Beleza

Vendedores Hinode, que não perdem venda nem no IML, curtem festão em lancha

Por Marcos Candido

Do UOL, em São Paulo

29/11/2017 04h00

Certa vez, a ex-auxiliar administrativa Kelly Ferreira, 26, saiu para vender cosméticos na madrugada de São Paulo. “Dizem que as prostitutas gostam dos nossos perfumes, então fomos até uma região da cidade para ver se elas compravam, mesmo”, explica. Mas, quando chegou lá, a equipe recebeu ordem de parada. “A polícia parou nosso carro para ver o que estávamos vendendo”. Kelly não teve dúvida. Abriu sua bolsa, chamou um dos polícias e perguntou: "Você já conhece um de nossos produtos?"

Há um ano e nove meses, Kelly é vendedora da Hinode. A empresa existe há quase três décadas, mas desde 2012 o grupo tem arrematado cada vez mais pessoas interessadas em ganhar dinheiro com a venda de shampoo, perfume, desodorante, cremes, esfoliantes, shakes para emagrecer e até gel erótico --que vão de R$ 11 a R$ 200. Segundo a empresa, há 750 mil vendedores cadastrados na Hinode e receita na casa dos R$ 2 bilhões.

O que fez a receita do negócio decolar foi a adesão ao marketing multinível, com foco nas classes C e D. Além das vendas, para ganhar mais dinheiro, também é preciso atrair novos revendedores. Esses novos revendedores compram os produtos da marca por metade do preço, e os revendem.

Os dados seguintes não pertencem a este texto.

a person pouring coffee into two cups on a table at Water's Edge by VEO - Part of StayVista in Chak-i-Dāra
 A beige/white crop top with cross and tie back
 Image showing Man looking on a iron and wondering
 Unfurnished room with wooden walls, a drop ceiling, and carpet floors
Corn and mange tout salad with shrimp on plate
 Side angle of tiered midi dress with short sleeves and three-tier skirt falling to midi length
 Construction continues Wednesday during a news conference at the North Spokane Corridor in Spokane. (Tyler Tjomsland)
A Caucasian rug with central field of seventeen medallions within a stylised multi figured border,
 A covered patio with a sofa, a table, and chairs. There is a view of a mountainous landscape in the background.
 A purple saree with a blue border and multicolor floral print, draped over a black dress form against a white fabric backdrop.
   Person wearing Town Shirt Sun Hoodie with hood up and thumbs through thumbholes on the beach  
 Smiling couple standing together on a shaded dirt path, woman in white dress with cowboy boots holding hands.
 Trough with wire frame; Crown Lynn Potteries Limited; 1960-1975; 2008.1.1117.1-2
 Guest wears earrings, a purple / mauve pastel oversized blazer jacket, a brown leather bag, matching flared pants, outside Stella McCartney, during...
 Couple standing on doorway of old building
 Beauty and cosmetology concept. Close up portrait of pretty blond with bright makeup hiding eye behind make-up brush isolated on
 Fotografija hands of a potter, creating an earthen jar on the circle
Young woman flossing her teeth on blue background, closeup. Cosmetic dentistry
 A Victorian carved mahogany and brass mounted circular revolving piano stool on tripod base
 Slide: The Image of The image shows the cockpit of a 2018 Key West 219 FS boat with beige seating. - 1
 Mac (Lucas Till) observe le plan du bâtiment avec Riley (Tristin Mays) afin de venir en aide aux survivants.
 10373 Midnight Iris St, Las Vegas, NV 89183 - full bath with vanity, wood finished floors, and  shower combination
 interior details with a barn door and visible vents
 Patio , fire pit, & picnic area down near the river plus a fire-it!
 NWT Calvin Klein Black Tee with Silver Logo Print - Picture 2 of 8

Ao conquistar um novo vendedor, o recrutador recebe uma porcentagem em cima das vendas do novo recruta, valor que é pago pela Hinode. Quanto maior a equipe de vendedores ao seu redor, maiores os ganhos. Para começar, é preciso fazer um investimento inicial de R$ 99 em um kit inicial, que logo pode ser “ativado” por pacotes de produtos que vão de R$ 300 a R$ 2.200. É o mesmo tipo de distribuição adotada por marcas como Herbalife. 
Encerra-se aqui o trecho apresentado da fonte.